Pompiere morto dopo il rogo, scagionato il caposquadra

Incendio alla Gfl, Fabio Corona coordinò l’intervento. L'eplosione fece cadere Roberto Torregiani

I vigili del fuoco alla Gfl (foto archivio Calavita)

I vigili del fuoco alla Gfl (foto archivio Calavita)

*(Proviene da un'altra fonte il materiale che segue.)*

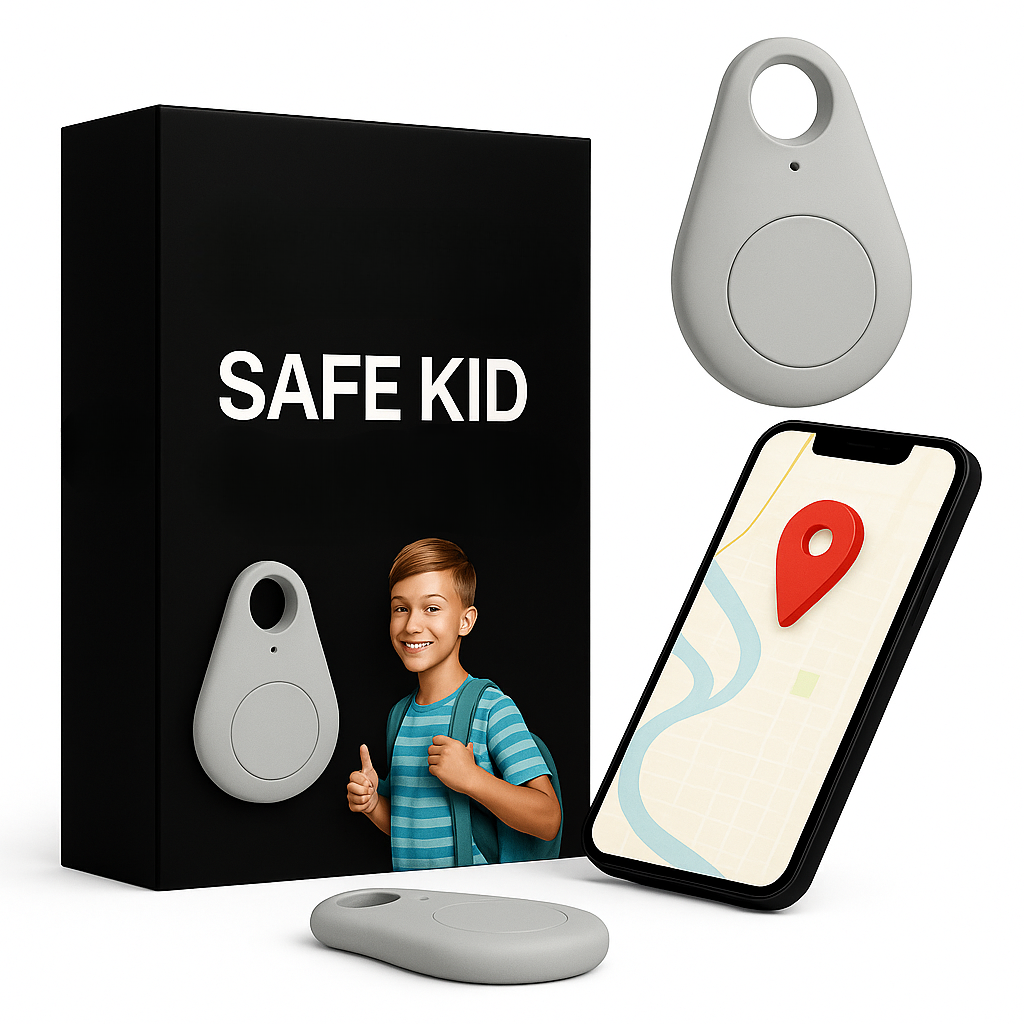 Child GPS Tracker: Real-Time Location & Emergency Alert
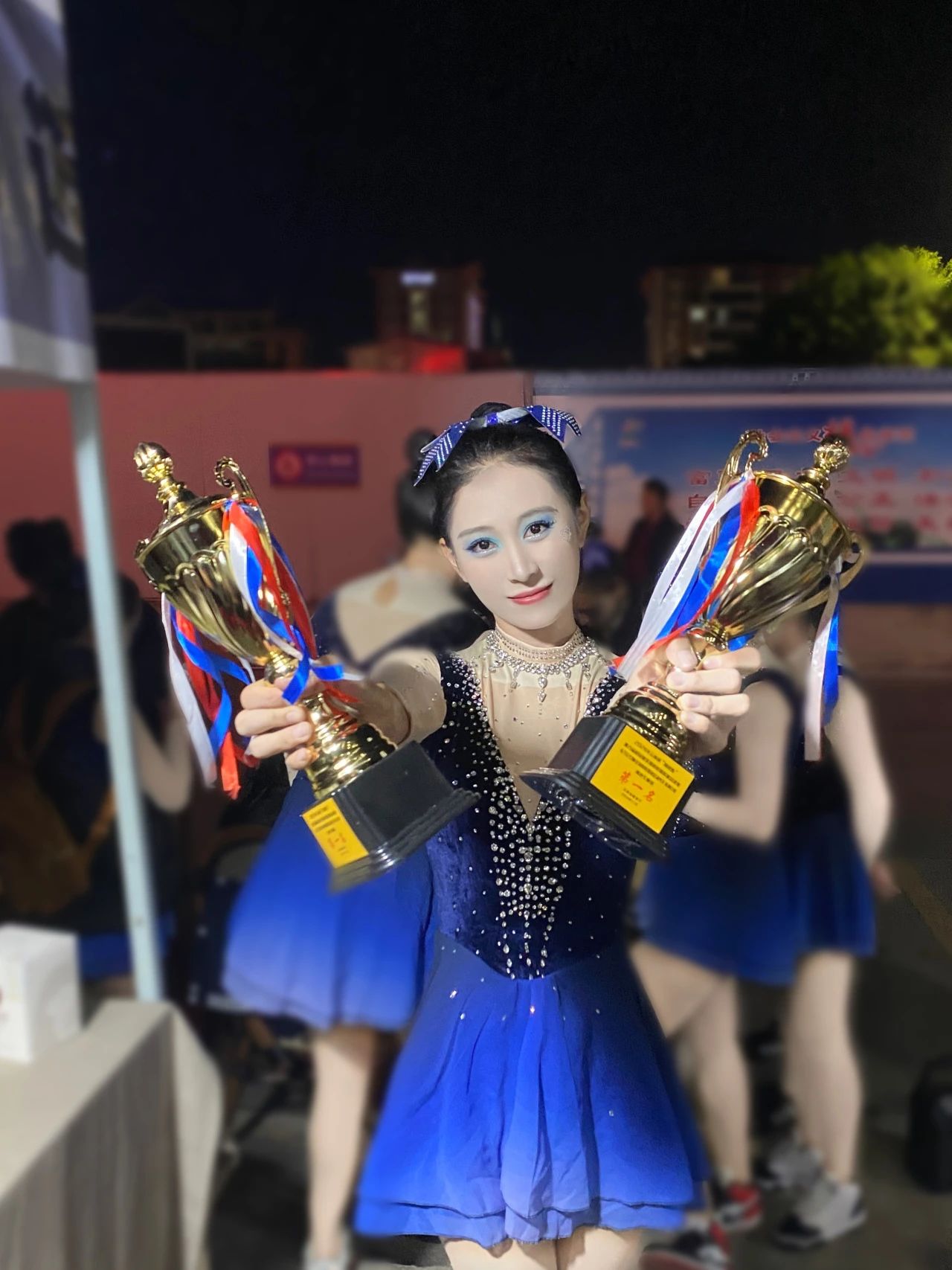 专业第一、视频博主...云经管体育系学姐凭什么闪闪发光？ 第 22 张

Macerata, 26 maggio 2016 - Il tribunale ha archiviato le accuse contro Fabio Corona, il caposquadra dei vigili del fuoco, che il 18 giugno 2014 coordinò le operazioni di spegnimento dell’incendio al mobilificio «Gfl» di Recanati, nel quale rimase gravemente ferito il pompiere Roberto Torregiani, deceduto poi lo scorso gennaio. Quella mattina, i vigili del fuoco di Macerata intervennero d’urgenza per spegnere il fuoco divampato in un silo pieno di segatura. Dopo due ore, quando ormai le fiamme sembravano domate, due vigili vennero fatti salire sulla piattaforma, per controllare dall’alto la situazione. Ma all’improvviso ci fu un’esplosione che buttò a terra i vigili che erano sulla piattaforma. Tra questi c’era Torregiani, che nel volo riportò lesioni gravissime che, dopo mesi in coma, lo hanno portato alla morte.

La Procura aprì subito un fascicolo, iscrivendo al registro degli indagati anche il caposquadra. La perizia dell’ingegnere Luca Marmo ha però scagionato Corona. Per questo la procura aveva chiesto subito l’archiviazione dell’accusa di omicidio colposo per lui. I familiari di Torregiani però, assistiti dall’avvocato Pietro Siciliano, avevano fatto opposizione. Ma martedì, dopo un’udienza nella quale le parti hanno discusso la vicenda, il giudice Enrico Pannaggi ha definitivamente archiviato le accuse per il vigile del fuoco.

«E’ la fine di un incubo – commentano i suoi difensori, gli avvocati Fabrizio Giustozzi e Olindo Dionisi –. Il giudice Pannaggi ha condiviso le motivazioni poste dal pm Rosanna Buccini sostenendo che tra la condotta del caposquadra e l’evento lesivo che si era verificato non c’era alcun nesso di causalità, aggiungendo anche che comunque il caposquadra aveva posto in essere tutte le azioni che andavano eseguite in quel caso, non ravvisando nel suo comportamento alcun profilo di colpa. Con i nostri consulenti, professor Alberto Andreani e ingegnere Carlo Gelsomini, esprimiamo soddisfazione per l’esito del procedimento in quanto riteniamo che sia stata fatta giustizia nei confronti del nostro assistito, che si è sempre proclamato non colpevole. Per lui è stata la fine di un incubo, perché oltre ad aver perso una persona cara e un validissimo collega si è trovato ingiustamente (ora si può dire) accusato della sua sfortunata sorte».